The Octoroon by Dion Boucicault




black actors,

white actors–

just actors–

male and female,

and musicians,

there were chickens, too,

real chickens in a pen,

and Br’er Rabbit

(who, if it matters, had a white head and ears).

Colors and race,

we race to catch a bus,

we win a race,

we are members of the human race,

race, a silly word to describe–

What? What does it describe?

An octoroon was one eighth black,

(whatever that means)

unable to marry a white person

(whatever that means)

in Louisiana in 1859.

We get caught up in the 19th century


Will Zoe be sold?

Will George marry Dora?

An actor literally fights himself.

Two playwrights, different centuries

discuss the power of theater,

Boucicault was known for his

“sensation scenes,”

we are meant to feel

to be overwhelmed,

and we are.

But race?

If we go back far enough

we are all descended from the same pair,

some relative of Lucy’s in East Africa,

and some of us have Neanderthal genes, too.

Farther back still,

we are all made from star dust.

So what does that make us?

I am not naïve–OK. Perhaps I am, but

if your laws or religion tell you

to limit the rights of others

who have skin of a different color,

whose eyes are brown, when yours are blue,

whose genitalia differs from your own

who loves a person who has similar genitalia

who worships with his or head covered–

or does not believe in any god at all—

well, then, your laws and your religion

are simply wrong.

No debate.

Colors should describe flowers, the sea

the eyes of your beloved

not exclude and divide human beings.

The playwright says the point of theater is to

overload our senses

to make us feel–

and think–

And so we did

And so we do.


We saw Two Trains Running at the Arden Theatre.

We saw An Octoroon at the Wilma Theater. 


28 thoughts on “Colors

  1. Lovely rhapsody in color.

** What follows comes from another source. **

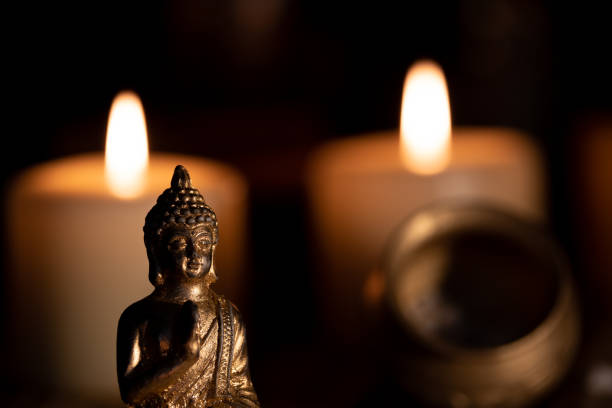 istock image with aromatic candles to meditate 1357868907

Would that we could get rid of the sour notes, blend some hues, keep the true.

    I see you typing this on your computer in the kitchen, Merril with the curly light brown locks. 😉

  2. Beautiful. The theater of race. That’s an image for me because my dissertation was on “performing identities” and one chapter was on performing race. Because that’s all it is–it isn’t real. A necessity in our world, for sure, but not real.
    By the way, the most recent thing I read was that almost all non-African origin humans today have Neanderthal genes, whereas most people are who mainly of African origin do not. I always read this stuff with caution, but it fascinates me anyway. For the record, hubby, both my Korean kids, and I all have about the same percentage of Neanderthal gene, according to 23andme. I think the knowledge though at this point is pretty poor quality.

    • Thank you for the fascinating information, Luanne–both about your dissertation and your genetic background. It’s all so interesting. I agree that there’s so much that is not yet known. I did the test, but it only reveals likely ancestry–I’m nearly all eastern European Jewish, according to them. 🙂

  3. Beautifully said Merril. We debase the use of the word colour when we use it too describe skin tones for the reason of racially profiling or for segregation.
    xxx Massive Hugs xxx

  4. So well said, Merrill. I live in quite a bubble at the moment and don’t get exposed to much nastiness at the moment and being in writing mode, I’m not watching TV and discrimination of any sort just doesn’t make any sense to me at all. Why can’t people just be nice? That is synonymous with “boring” just as being nasty doesn’t make you “interesting”.
    Enjoy your Spring. It sounds so enchanting xx Rowena

  5. Sorry that last sentence should read: Nice is NOT synonymous with “boring” just as being nasty doesn’t make you “interesting”.
    I hope that makes sense. It was a long day at the show yesterday!
    xx Ro

  6. I know I frequently use the same words in my comments on your musings, but it can’t be helped (perhaps I need to “increase my word power” as Reader’s Digest used to encourage us to do). I love this post. ♥♥♥ Beautiful musings, especially this: “Colors should describe flowers, the sea…” Yes, they should. I hope someday they do.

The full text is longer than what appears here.